Category Archives: box office

Global cinema news and comment

2009 seems to have come to a rousing end in terms of cinema box offices around the world. We commented on 3 Idiots and broken records in Hindi Cinema in the last post and most of the world knows that Avatar has given James Cameron the the No2 box office film of all time already. With $1.33 billion worldwide and counting there is now an outside possibility that Avatar will catch Titanic.

Here are some other news stories that you might have missed in all the Hollywood fanfares:

China has had an amazing year at the cinema with an increase in box-office revenues of 44%. This came after 600 new screens were added last year, bringing the country’s total to 4,700. Out of the total, 1,800 are digital and nearly 800 are 3-D screens. The revenue increases came partly from higher prices in new multiplexes appearing in shopping malls. There is still a restriction on Hollywood titles that are allowed an import certificate, but 5 blockbuster US titles were in the Chinese Top 10 for 2009 – no wonder the studios are eager for more entry opportunities and co-productions.
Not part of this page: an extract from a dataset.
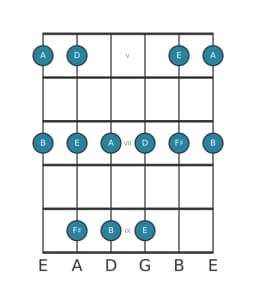 Guitar scale for A Ritusen in position 4
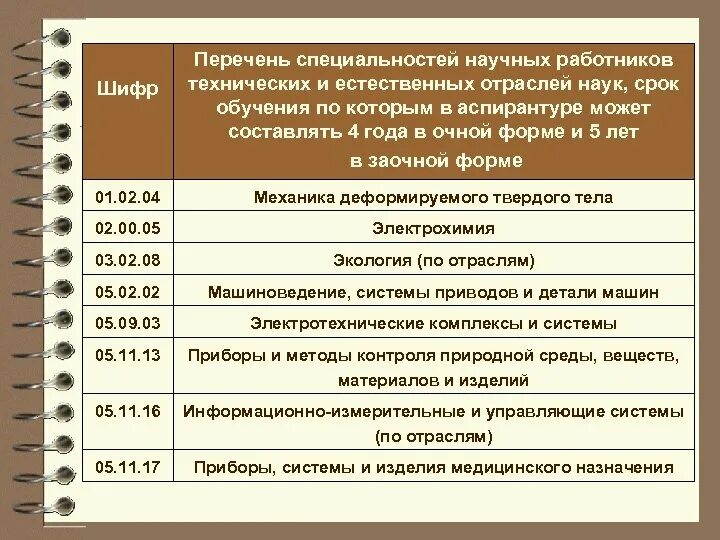 Специальности научных работников. Шифр специальности. Шифр и Наименование специальности. Технические специальности перечень. Что такое шифр специализации.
In France, admissions are up to over 200 million making 2009 the best year since 1982 and securing No3 slot for the French cinema market after India and the US. Hollywood still managed 49.8% and French producers bagged a very creditable 37.1% leaving 13.1% for the ‘Rest of the World’.

In both the UK and France, the video industry has bounced back in 2009. In the UK, the increase in Blu-Ray disc transactions has compensated for the decline in the traditional DVD market and the sector’s overall performance expected to improve during 2010 driven by HD TV sales. In France action against pirates and a reduction in the cinema release window (i.e. DVDs released after a shorter period following the cinema release) has seen the volume of transactions rise by 30% and value by 7%.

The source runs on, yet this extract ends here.